How to complete this task - With both ends included, transcribe exactly the records below from their first line to the line that contains "MOVA Kit d'outils".

Short text fragments from websites
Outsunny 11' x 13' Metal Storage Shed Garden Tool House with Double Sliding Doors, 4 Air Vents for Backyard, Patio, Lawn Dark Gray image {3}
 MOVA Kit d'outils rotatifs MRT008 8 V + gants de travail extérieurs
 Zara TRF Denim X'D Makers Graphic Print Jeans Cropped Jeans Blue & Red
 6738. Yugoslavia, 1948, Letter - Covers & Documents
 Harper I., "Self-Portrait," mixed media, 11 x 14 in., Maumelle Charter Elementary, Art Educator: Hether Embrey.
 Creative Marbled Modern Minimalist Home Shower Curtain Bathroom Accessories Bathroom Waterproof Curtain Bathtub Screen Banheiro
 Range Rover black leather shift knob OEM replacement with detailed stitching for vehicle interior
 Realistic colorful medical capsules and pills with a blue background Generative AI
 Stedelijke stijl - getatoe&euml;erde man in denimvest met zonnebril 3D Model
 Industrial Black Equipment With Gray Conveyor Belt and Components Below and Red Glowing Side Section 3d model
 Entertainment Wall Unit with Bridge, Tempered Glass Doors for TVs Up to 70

Written response -
Outsunny 11' x 13' Metal Storage Shed Garden Tool House with Double Sliding Doors, 4 Air Vents for Backyard, Patio, Lawn Dark Gray image {3}
 MOVA Kit d'outils rotatifs MRT008 8 V + gants de travail extérieurs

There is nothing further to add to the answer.